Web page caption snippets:
--*--

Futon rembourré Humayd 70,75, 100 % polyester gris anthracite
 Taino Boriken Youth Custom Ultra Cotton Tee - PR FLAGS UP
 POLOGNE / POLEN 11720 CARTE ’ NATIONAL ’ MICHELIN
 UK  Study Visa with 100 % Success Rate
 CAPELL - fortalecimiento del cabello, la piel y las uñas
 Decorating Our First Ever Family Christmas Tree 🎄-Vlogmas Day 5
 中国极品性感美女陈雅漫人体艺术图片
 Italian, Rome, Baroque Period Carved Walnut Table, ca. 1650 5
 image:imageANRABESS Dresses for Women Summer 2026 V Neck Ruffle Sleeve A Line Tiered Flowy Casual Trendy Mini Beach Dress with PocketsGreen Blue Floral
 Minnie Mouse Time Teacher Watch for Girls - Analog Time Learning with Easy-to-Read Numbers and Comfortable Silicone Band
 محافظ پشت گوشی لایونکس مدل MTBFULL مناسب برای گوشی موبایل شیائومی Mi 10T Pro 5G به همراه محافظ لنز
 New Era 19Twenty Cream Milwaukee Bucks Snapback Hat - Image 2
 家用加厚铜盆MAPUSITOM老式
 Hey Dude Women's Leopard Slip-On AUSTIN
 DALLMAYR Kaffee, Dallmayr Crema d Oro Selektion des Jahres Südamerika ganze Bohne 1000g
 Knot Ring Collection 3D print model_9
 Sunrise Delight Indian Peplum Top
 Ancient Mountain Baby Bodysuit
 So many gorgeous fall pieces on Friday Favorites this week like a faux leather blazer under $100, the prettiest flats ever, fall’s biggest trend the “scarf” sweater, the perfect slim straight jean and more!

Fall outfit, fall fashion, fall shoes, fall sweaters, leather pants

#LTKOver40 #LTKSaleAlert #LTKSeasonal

--*--

### Brief
From the records above, transcribe without alteration every line from the one with "image:imageANRABESS Dresses for" to the one with "Hey Dude Women's Leopard Slip-On AUSTIN", inclusive.

### Answer area
 image:imageANRABESS Dresses for Women Summer 2026 V Neck Ruffle Sleeve A Line Tiered Flowy Casual Trendy Mini Beach Dress with PocketsGreen Blue Floral
 Minnie Mouse Time Teacher Watch for Girls - Analog Time Learning with Easy-to-Read Numbers and Comfortable Silicone Band
 محافظ پشت گوشی لایونکس مدل MTBFULL مناسب برای گوشی موبایل شیائومی Mi 10T Pro 5G به همراه محافظ لنز
 New Era 19Twenty Cream Milwaukee Bucks Snapback Hat - Image 2
 家用加厚铜盆MAPUSITOM老式
 Hey Dude Women's Leopard Slip-On AUSTIN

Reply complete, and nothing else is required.